Fuzzy Rule Learner

This rule learner* learns a Fuzzy Rule Model on labeled numeric data using Mixed Fuzzy Rule Formation as the underlying training algorithm (also known as RecBF-DDA algorithm), see Influence of fuzzy norms and other heuristics on "Mixed Fuzzy Rule Formation" for an extension of the algorithm.
This algorithm generates rules based on numeric data, which are fuzzy intervals in higher dimensional spaces. These hyper-rectangles are defined by trapezoid fuzzy membership functions for each dimension. The selected numeric columns of the input data are used as input data for training and additional columns are used as classification target, either one column holding the class information or a number of numeric columns with class degrees between 0 and 1 can be selected. The data output contains the fuzzy rules after execution. Each rule consists of one fuzzy interval for each dimension plus the target classification columns along with a number of rule measurements. The model output port contains the fuzzy rule model, which can be used for prediction in the Fuzzy Rule Predictor node.

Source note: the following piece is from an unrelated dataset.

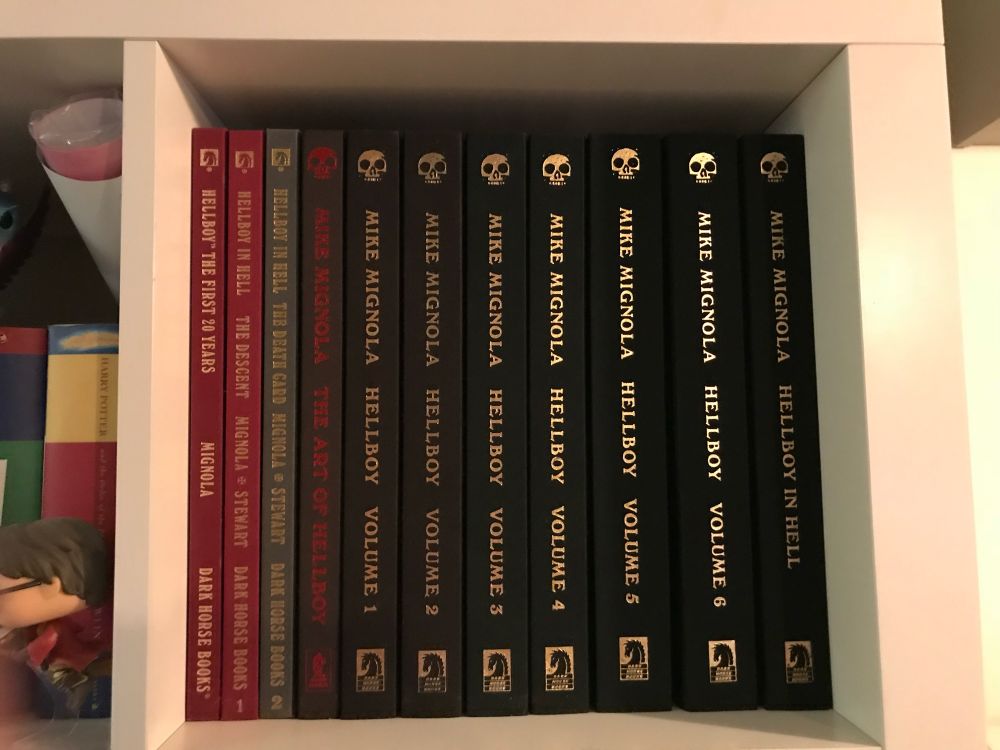 Library editions of Mike Mignola’s Hellboy, including Hellboy in Hell Library edition and special edition SDCC hardbacks.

(*) RULE LEARNER is a registered trademark of Minitab, LLC and is used with Minitab’s permission.


Missing Values
Select one method to handle missing values: "Incorp" may generate fuzzy rules with missing values, if no replacement value has been found during the learning process. "Best Guess" computes the optimal replacement value by projecting the fuzzy rule (with missing value(s)) onto the missing dimension(s) of all other rules. "Mean", "Min", and "Max" replaces the missing value with each column's statistical property. "Zero" and "One" perform a constant replacement by inserting either zero or one.
Shrink after commit If selected, a shrink to reduce conflicting rules is executed immediately after a new rule is committed, i.e. the new rule is reduced so that conflicts with all other rules of different classes are avoided.
Use class with max coverage If selected, only the class with maximum coverage degree of the target columns is used during training, otherwise all class columns are considered for coverage.
Maximum no. Epochs
If selected, the option defines the maximum number of epochs the algorithm has to process the entire data set, otherwise it repeats this process until this rule model is stable, i.e. no new rule has been committed and/or no shrink is executed.
Target Columns
Select the target(s) to be used for classification. If more than one column (only numeric) is selected, the columns must contain class membership values between 0 and 1 for each class given by the column name.
Fuzzy Norm Select a fuzzy norm to compute the rules' activation across all dimensions and rules. Fuzzy norms are important, because they combine the membership values of each fuzzy interval for one rule and compute a final output across all rules. Different choices of fuzzy norms are available: Min/Max Norm, Product Norm, Lukasiewicz Norm, and Yager[2.0] Norm.
Shrink Function Select a shrink method to reduce rules in order to avoid conflicts between rules of different classes. There are three shrink methods available to normalize the loss in volume: VolumnBorderBased shrink applies the volume loss in terms of the support or core region borders; VolumnAnchorBased shrink uses the anchor value border; and VolumnRuleBased shrink uses the entire rule volume.

Input Ports

Numeric data as well as class information used for training.

Output Ports

Rules with fuzzy intervals in each dimension, classification columns, and additional rule measures.
Fuzzy Rule Model can be used for prediction.


Learner Statistics
Displays a summary of the learning process.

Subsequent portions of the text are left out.